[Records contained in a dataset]
+---+
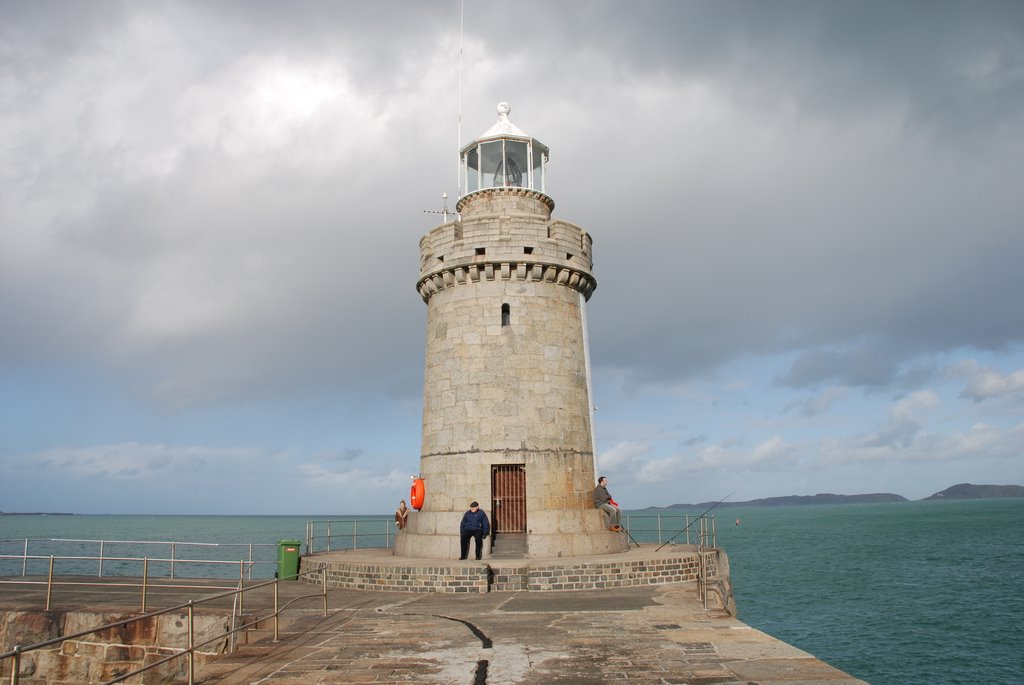 St Peter Port Lighthouse by ralph simpson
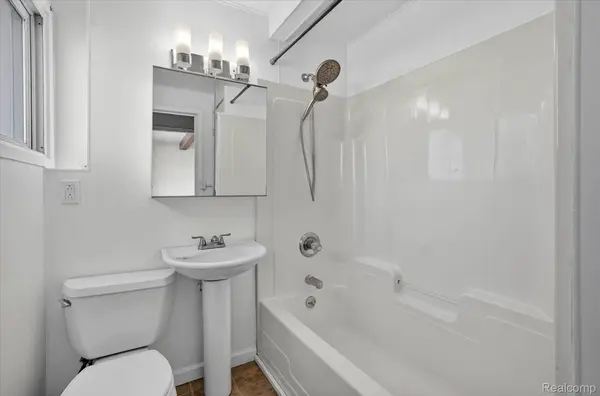 1926 Kilbourn AVE, Owosso, MI 48867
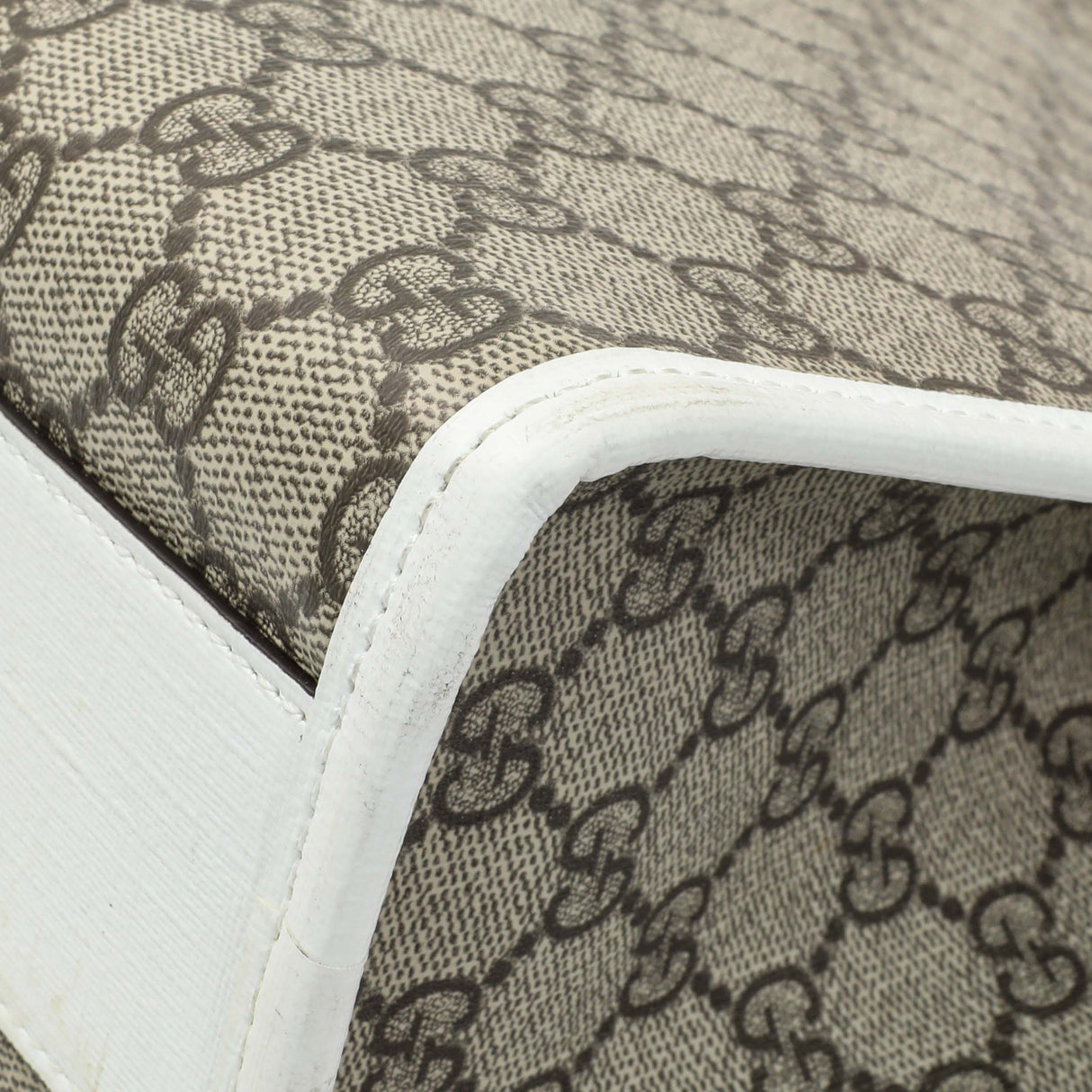 Gucci GG Supreme Monogram Children's Tote Handbags Gucci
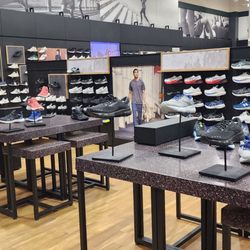 DICK'S Sporting Goods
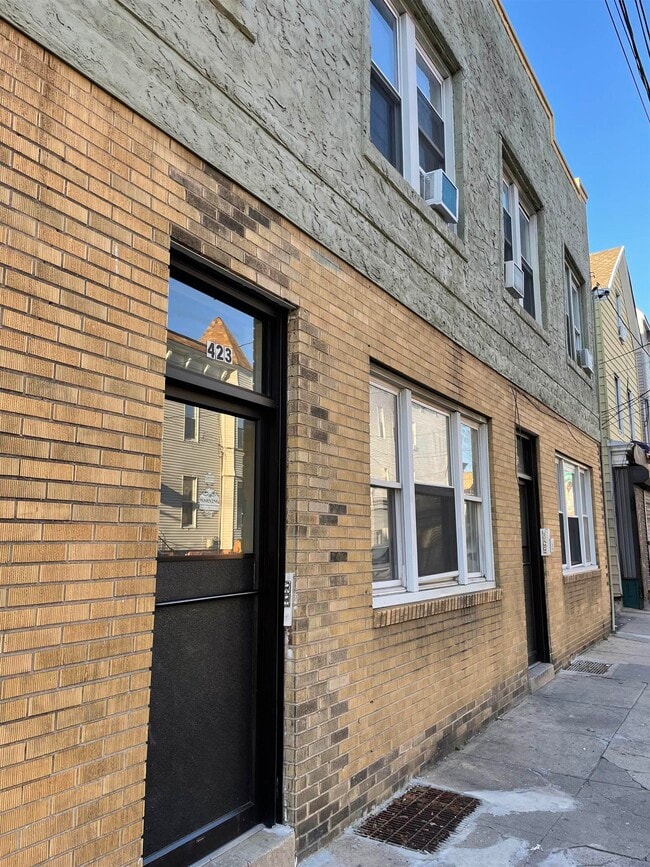 property at 425 Baldwin Ave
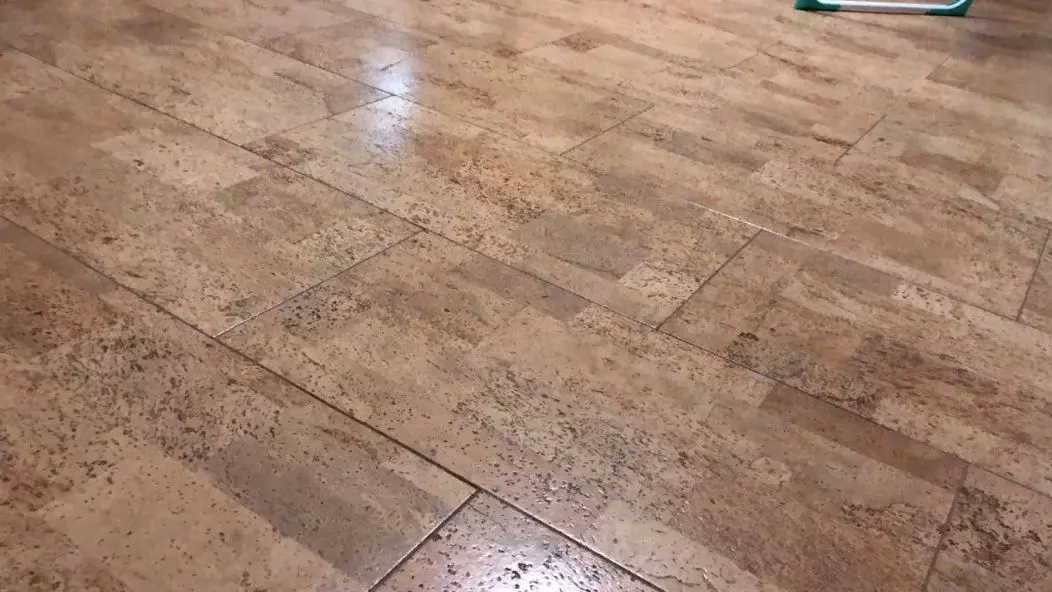 Пробковые полы и настенная пробка BFM Cork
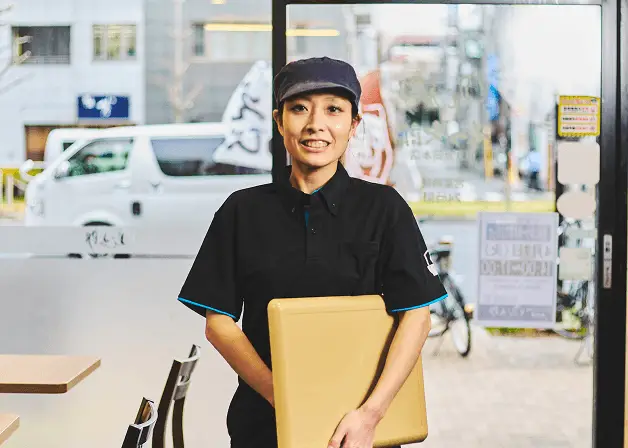 笑顔の女性店員
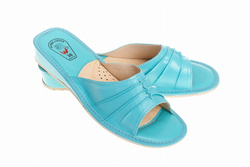 Pantofle damskie Wójciak, klin o wysokości 3,5 cm, wzór ręcznie robiony. Model 025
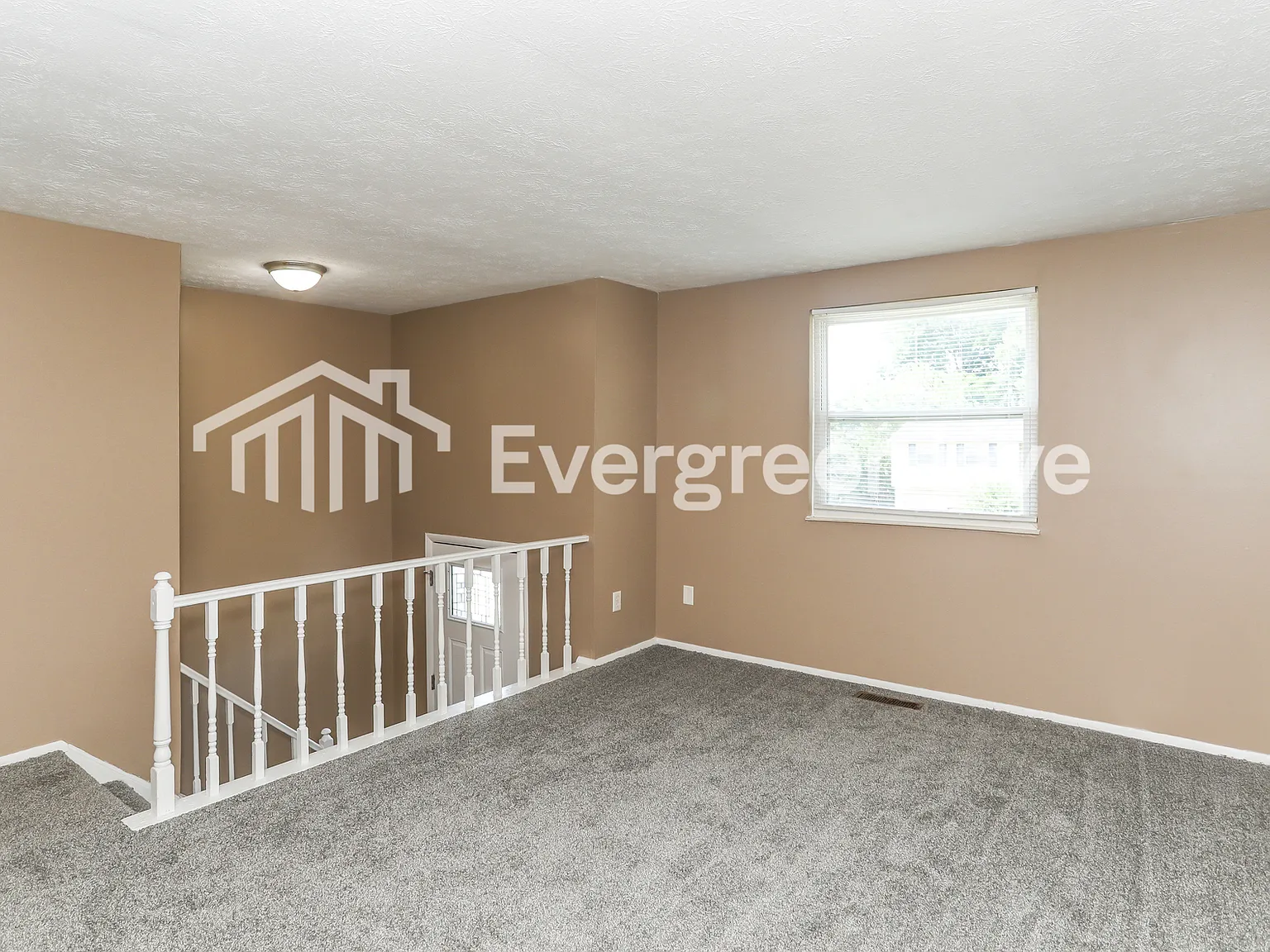 3 bed, 2.0 bath, 1500 sqft, $1,945 — Photo 3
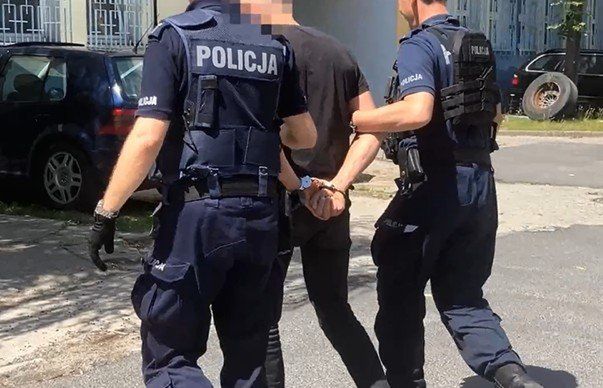 Włamania do domów są w Toruniu rzadkim przestępstwem. Jednym z głośniejszych było do domu zamożnych ludzi przy ul. Narcyzowej na Wrzosach latem ubr. Ale sprawcę szybko ujęto. W br. recydywista Aleksander S. skazany został prawomocnie na 4 lata więzienia i trafił za kraty.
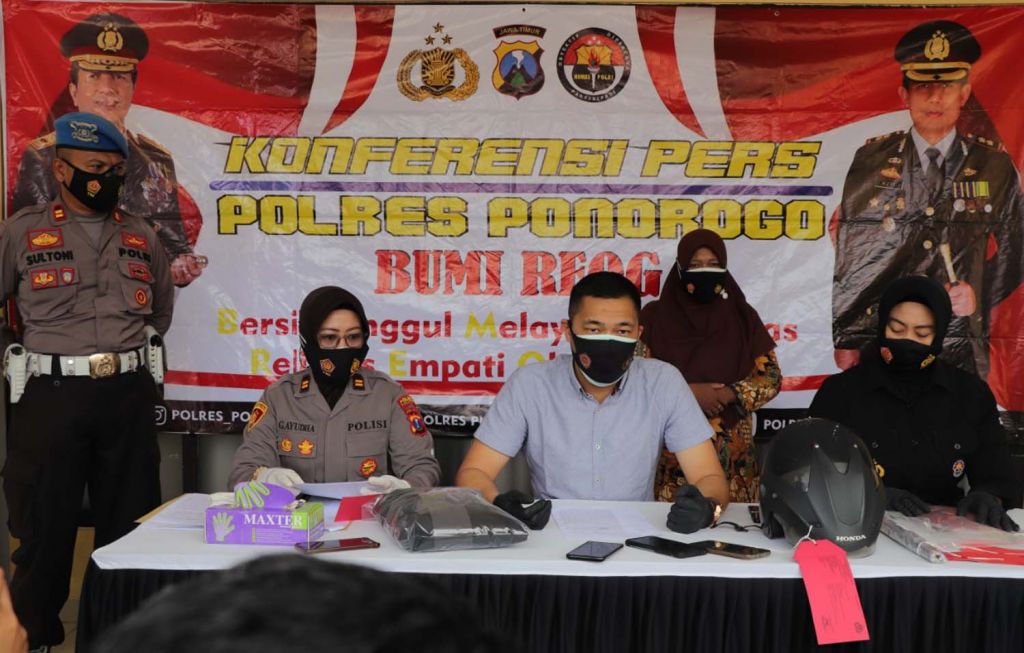 Kasat Reskrim Polres Ponorogo, AKP Hendy Septiadi menyampaikan penetapan tersangka atas ibu pembunuh bayi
+---+
◆ **What needs to be done**
Pictures do not go in the copy; print every entry exactly as it stands.

◆ **Exercise result**
 St Peter Port Lighthouse by ralph simpson
 1926 Kilbourn AVE, Owosso, MI 48867
 Gucci GG Supreme Monogram Children's Tote Handbags Gucci
 DICK'S Sporting Goods
 property at 425 Baldwin Ave
 Пробковые полы и настенная пробка BFM Cork
 笑顔の女性店員
 Pantofle damskie Wójciak, klin o wysokości 3,5 cm, wzór ręcznie robiony. Model 025
 3 bed, 2.0 bath, 1500 sqft, $1,945 — Photo 3
 Włamania do domów są w Toruniu rzadkim przestępstwem. Jednym z głośniejszych było do domu zamożnych ludzi przy ul. Narcyzowej na Wrzosach latem ubr. Ale sprawcę szybko ujęto. W br. recydywista Aleksander S. skazany został prawomocnie na 4 lata więzienia i trafił za kraty.
 Kasat Reskrim Polres Ponorogo, AKP Hendy Septiadi menyampaikan penetapan tersangka atas ibu pembunuh bayi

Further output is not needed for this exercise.